- _INFORMATION SHOWN_:
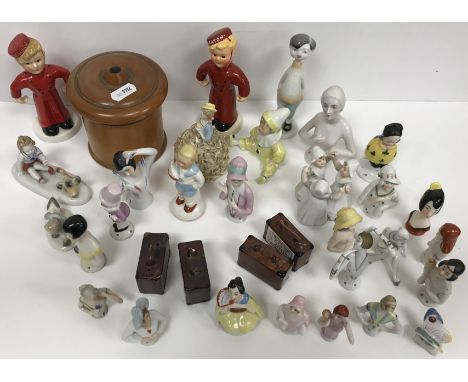 A collection of pin cushion dolls, various other Continental porcelain figurines to include Goebel "Bellboy" figures and a bo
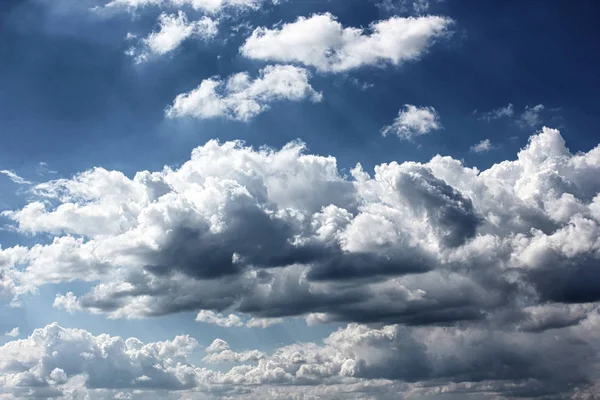 Clouds are a collection of very fine water droplets (fog) or ice crystals in the atmosphere.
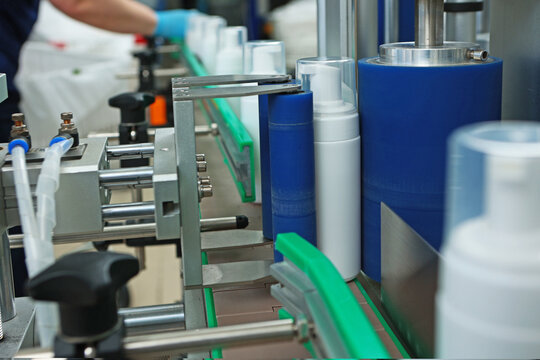 Bottles without labels on the conveyor of a cosmetics factory. Manufacture of cosmetics and skin care products. A white plastic bottle.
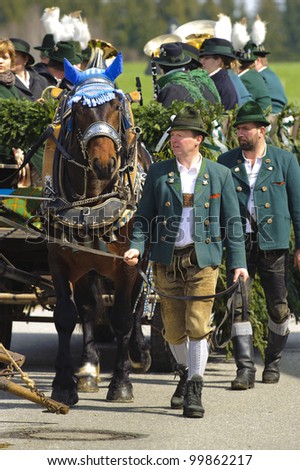 TRAUNSTEIN, GERMANY - APRIL 9: biggest annual catholic horse procession at easter, named - Osterritt - Georgiritt - in bavarian city Traunstein with 400 horses at April 9, 2012 in Traunstein, Germany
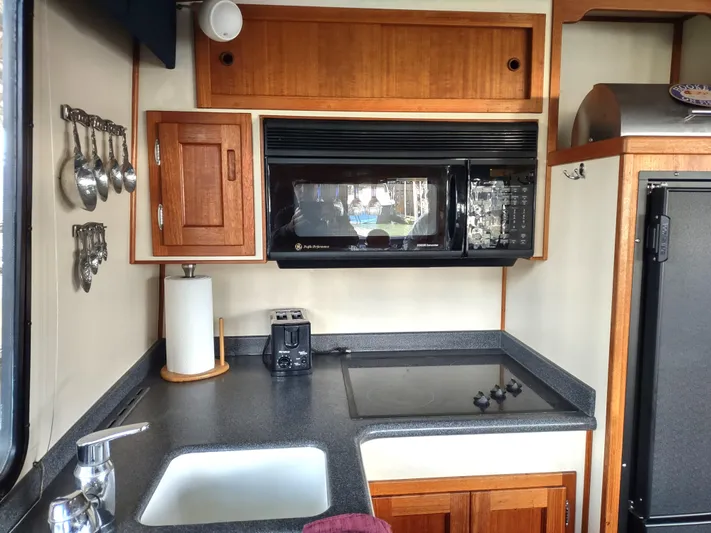 Snowy Owl Yacht Photos Pics Nordic Tug 42 (2000) kitchen with microwave, stove, sink, and wooden cabinets.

- _ACTIVITY_:
Every line above needs to be written out again as it stands. Pictures do not belong in the copy.

- _EXERCISE RESULT_:
 A collection of pin cushion dolls, various other Continental porcelain figurines to include Goebel "Bellboy" figures and a bo
 Clouds are a collection of very fine water droplets (fog) or ice crystals in the atmosphere.
 Bottles without labels on the conveyor of a cosmetics factory. Manufacture of cosmetics and skin care products. A white plastic bottle.
 TRAUNSTEIN, GERMANY - APRIL 9: biggest annual catholic horse procession at easter, named - Osterritt - Georgiritt - in bavarian city Traunstein with 400 horses at April 9, 2012 in Traunstein, Germany
 Snowy Owl Yacht Photos Pics Nordic Tug 42 (2000) kitchen with microwave, stove, sink, and wooden cabinets.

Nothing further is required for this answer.